Chef Becky loves spending hours flipping through cookbook pages and seeing how she can modify each recipe to work in our Farm Kitchen. “I’m a cookbook junkie!” she says. And goodness knows there’s an abundance of deliciously ripe fruit to incorporate into all the old favorites, including the notorious winter staple that you either love or hate: the holiday fruitcake.
"Every year we’d get a fruitcake at Christmas time sent from some well-meaning relative. I would look at it and wonder, why," says Chef Becky. For years, she was resistant to the thought of adapting a fruitcake recipe like she has for other seasonal favorites like the Caramel Pumpkin, Whiskey Pecan, and Apple Pies.

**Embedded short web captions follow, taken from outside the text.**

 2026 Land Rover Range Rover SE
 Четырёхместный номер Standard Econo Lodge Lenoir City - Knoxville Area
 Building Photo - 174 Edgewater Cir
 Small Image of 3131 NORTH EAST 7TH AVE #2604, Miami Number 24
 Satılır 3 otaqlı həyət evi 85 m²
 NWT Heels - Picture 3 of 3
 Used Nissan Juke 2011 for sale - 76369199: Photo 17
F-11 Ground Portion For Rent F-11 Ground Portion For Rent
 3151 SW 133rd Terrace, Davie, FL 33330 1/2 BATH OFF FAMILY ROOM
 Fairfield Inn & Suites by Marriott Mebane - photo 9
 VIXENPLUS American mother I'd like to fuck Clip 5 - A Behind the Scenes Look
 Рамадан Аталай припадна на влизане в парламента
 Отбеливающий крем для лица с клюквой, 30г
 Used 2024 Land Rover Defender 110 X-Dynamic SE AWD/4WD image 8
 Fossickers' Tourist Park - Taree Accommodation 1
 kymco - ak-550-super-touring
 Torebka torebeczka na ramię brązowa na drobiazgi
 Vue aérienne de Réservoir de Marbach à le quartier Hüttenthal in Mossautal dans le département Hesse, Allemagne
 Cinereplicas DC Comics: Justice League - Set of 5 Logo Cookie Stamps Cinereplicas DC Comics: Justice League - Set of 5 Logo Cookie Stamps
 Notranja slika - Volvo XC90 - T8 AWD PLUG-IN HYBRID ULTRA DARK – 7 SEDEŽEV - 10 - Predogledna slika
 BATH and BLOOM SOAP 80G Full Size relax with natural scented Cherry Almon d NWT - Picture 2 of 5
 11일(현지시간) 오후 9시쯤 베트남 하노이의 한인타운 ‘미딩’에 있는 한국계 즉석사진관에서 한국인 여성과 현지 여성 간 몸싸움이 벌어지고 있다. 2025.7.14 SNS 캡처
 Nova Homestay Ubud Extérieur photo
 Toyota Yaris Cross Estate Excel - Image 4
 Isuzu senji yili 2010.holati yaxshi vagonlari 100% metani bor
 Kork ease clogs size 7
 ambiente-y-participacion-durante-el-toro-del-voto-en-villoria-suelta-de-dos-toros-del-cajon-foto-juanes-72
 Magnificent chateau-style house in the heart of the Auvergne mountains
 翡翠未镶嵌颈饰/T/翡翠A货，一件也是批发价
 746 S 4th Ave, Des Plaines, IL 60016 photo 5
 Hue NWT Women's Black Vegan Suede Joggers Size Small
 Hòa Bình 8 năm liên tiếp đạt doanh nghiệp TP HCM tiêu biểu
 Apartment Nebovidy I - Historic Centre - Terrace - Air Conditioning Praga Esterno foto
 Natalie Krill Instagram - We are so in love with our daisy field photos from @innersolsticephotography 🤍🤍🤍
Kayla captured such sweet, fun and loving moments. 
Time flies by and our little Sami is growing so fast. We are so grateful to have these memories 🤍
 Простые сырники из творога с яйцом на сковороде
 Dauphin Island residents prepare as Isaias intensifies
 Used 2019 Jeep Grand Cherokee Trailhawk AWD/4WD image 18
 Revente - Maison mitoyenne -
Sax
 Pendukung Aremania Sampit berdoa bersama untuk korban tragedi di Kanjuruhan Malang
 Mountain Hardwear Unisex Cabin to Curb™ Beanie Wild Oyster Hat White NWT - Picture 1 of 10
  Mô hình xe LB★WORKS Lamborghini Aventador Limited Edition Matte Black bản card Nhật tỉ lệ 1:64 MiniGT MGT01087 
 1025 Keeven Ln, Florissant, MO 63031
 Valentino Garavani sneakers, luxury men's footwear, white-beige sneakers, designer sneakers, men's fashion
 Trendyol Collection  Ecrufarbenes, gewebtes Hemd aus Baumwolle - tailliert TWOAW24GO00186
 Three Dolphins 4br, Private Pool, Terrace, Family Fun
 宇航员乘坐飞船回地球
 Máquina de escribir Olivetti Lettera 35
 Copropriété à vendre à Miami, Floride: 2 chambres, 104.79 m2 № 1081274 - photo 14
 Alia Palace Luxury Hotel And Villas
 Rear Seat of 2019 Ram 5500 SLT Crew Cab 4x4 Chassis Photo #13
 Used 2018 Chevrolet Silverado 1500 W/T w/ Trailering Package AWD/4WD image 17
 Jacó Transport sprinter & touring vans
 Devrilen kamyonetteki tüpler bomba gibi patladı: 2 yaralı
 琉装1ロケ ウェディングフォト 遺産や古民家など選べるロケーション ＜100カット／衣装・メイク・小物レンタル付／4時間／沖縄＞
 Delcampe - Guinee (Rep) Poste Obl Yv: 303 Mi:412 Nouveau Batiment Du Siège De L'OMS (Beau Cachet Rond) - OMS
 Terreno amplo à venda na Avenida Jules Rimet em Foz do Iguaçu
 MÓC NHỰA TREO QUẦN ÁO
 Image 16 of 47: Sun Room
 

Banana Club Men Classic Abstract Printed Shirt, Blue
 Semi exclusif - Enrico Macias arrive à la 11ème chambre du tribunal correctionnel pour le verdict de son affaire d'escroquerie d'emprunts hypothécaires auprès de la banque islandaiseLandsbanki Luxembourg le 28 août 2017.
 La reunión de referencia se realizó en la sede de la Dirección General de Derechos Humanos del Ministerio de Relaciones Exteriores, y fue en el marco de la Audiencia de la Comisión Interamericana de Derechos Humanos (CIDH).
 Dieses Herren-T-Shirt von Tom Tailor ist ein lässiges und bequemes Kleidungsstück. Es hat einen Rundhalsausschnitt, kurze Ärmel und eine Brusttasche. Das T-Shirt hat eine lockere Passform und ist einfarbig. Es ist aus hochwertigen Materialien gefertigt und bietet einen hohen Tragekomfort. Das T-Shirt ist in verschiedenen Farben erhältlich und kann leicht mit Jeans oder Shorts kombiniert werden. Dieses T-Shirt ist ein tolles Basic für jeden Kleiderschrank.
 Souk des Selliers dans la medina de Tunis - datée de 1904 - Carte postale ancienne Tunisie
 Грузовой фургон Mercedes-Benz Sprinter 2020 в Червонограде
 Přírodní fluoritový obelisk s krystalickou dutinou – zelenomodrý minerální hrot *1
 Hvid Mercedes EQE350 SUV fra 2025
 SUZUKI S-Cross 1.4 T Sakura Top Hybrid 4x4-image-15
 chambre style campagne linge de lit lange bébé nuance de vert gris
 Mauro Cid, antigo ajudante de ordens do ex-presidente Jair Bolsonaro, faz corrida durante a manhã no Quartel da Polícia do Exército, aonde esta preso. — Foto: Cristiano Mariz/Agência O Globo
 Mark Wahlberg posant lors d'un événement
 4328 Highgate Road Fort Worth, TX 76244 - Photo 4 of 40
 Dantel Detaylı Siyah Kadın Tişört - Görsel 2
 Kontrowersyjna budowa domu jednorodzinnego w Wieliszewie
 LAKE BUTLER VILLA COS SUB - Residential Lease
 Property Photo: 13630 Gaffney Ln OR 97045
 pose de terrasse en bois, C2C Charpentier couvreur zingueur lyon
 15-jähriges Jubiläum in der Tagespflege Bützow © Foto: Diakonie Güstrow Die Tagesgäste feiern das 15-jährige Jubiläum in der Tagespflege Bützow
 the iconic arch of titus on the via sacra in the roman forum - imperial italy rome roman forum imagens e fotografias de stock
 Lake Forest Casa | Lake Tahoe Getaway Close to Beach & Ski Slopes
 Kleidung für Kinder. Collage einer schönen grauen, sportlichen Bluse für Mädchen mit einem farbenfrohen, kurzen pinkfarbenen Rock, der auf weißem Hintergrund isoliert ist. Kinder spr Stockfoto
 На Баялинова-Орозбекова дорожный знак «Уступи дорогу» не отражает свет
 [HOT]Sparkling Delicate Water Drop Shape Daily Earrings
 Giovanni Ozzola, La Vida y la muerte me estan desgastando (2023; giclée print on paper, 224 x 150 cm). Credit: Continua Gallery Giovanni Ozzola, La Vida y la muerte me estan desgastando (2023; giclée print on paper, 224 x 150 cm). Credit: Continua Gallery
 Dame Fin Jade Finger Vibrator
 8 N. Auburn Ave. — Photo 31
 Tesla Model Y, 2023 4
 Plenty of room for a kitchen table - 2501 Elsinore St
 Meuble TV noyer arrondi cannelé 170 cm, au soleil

But then, nearly 18 years ago, Chef Becky began working on a recipe. If she could turn unpleasant childhood memories of bright green-colored candied “whatever-it-was” fruitcake into something she enjoyed, that would be cause for celebration.
Whether you share Becky’s childhood disdain for fruitcake or not, we think you’ll agree this one is unlike any other you’ve tried. It’s filled with dried peaches and cherries, plus crunchy walnuts—all soaked overnight in dark rum. Then there’s the candied orange peels we make in our Farm Kitchen, plus the leftover rum from the fruits, which we add to the batter and sprinkle over the cakes as they come out of the oven. When the cakes cool, we wrap them in cheesecloth that has also been soaked in rum. Yes, lots of rum in these!
“I wanted it to actually be a cake and not just a dense, compressed loaf of alcohol-soaked dried fruit,” says Chef Becky. “I looked through many recipes and, at last, found one. I began tweaking and experimenting and finally arrived at the recipe we now use.”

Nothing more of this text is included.